You can definitely use this kind of data to test the hypothesis that a positive correlation exists, but you need to perform a statistical analysis that uses all the data points and not the means directly. Here are some options I can think of:
On the face of it, one might think that a linear regression should suffice:
myLinearModel <- lm(fold_change ~ motif_count, data = df)
# Coefficients ... etc.
# F-stat: , p-value: 0.0001 [sweet!]
However, since you know you have some groups with a small number of samples (e.g., only one with 24 occurrences of the motif), the burden is going to fall on you to prove that none of the points have a disproportionate influence on the regression coefficient(s). So, you would additionally have to do some leverage or influence analysis on your resulting model. For example, checking that you don't have any high Cook's distances:
# wait...how do I interpret these again? something about 3...

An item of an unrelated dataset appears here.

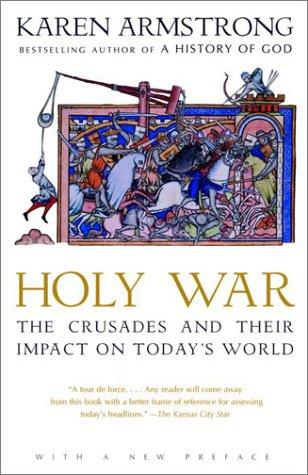 Holy war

Even if that works out, there's two potentially problematic issues:
- the assumption of continuity, when we really have discrete counts - maybe not so big a deal though; and
- the assumption of linearity, when we probably doubt that adding 5 motifs to a sequence already containing 20 will have the same effect as adding 5 to a one with only 2.
It might be more useful to bin the motif counts into levels, like "low", "medium", and "high", and do something similar with the fold change ("down", "neutral", "up"). You could then use
chisq.test to test for independence (null hypothesis).

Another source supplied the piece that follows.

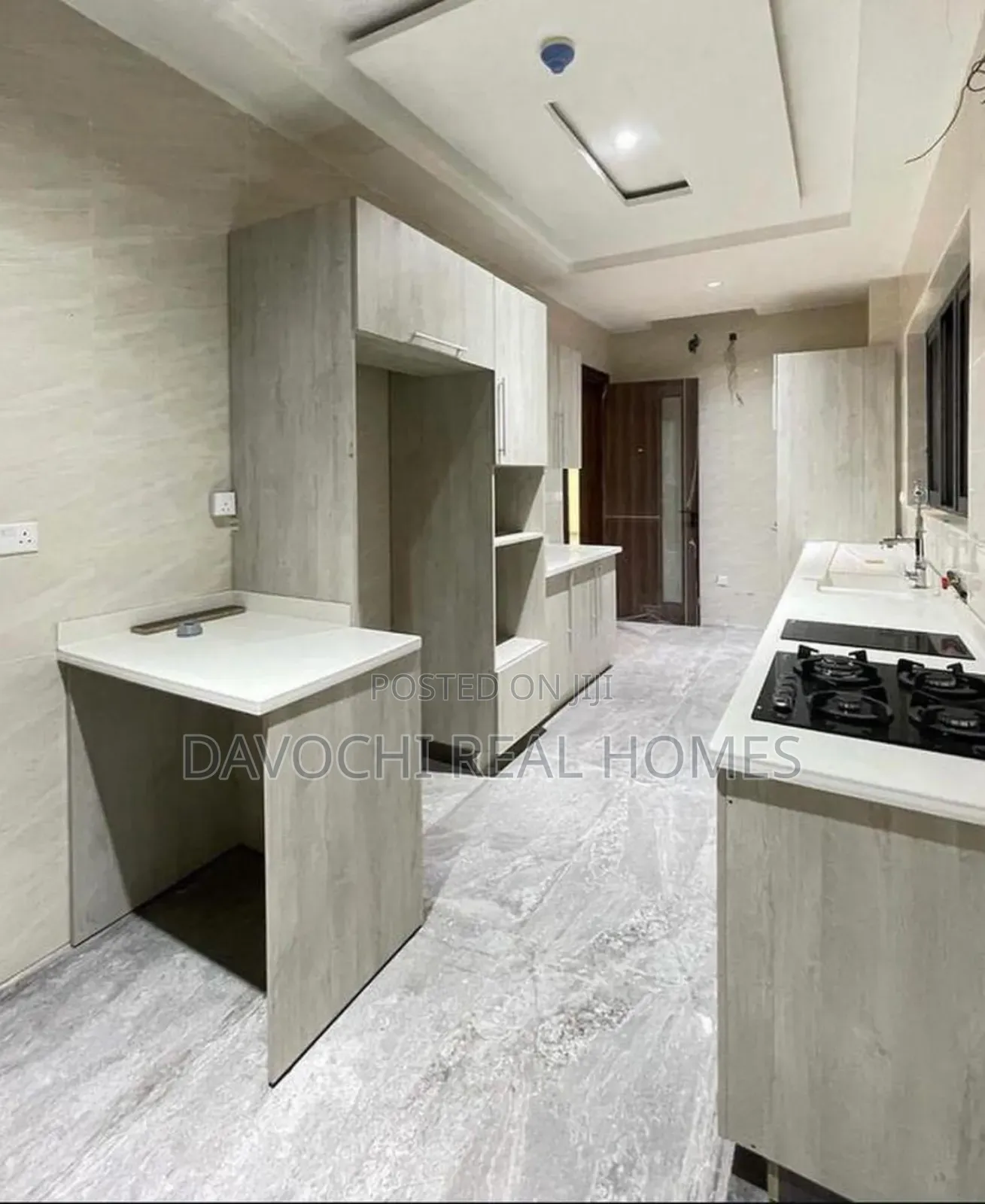 Mini Flat in Ikoyi for rent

If you had some idea for how to split this prior to looking at the data, that would be ideal - but you've already peaked at the data, which means you need to be careful about making biased choices in your analysis. Hand-picking bins at this point could be construed as cherry-picking your statistical test.
Another option is to do an ordinal ANOVA, such as provided by the
ordAOV method in the
ordPens package. In this approach, you won't make any assumption about the scale of effect size difference between your different motif count groups, and you'll also control for the variance within each group. To do this, you instead would use a motif count rank, in place of the motif count itself. Here's what the test would look like in R:
rankedMC <- factor(df$motif_count, ordered = TRUE)
levels(rankedMC) <- seq_along(levels(rankedMC))
rankedMC <- as.numeric(rankedMC)
# Test stat = ..., p-value = 0.0005
Another nice thing here is that the test is based on simulations from the empirical distribution, so you don't have pesky parameters or distribution assumptions to fret over.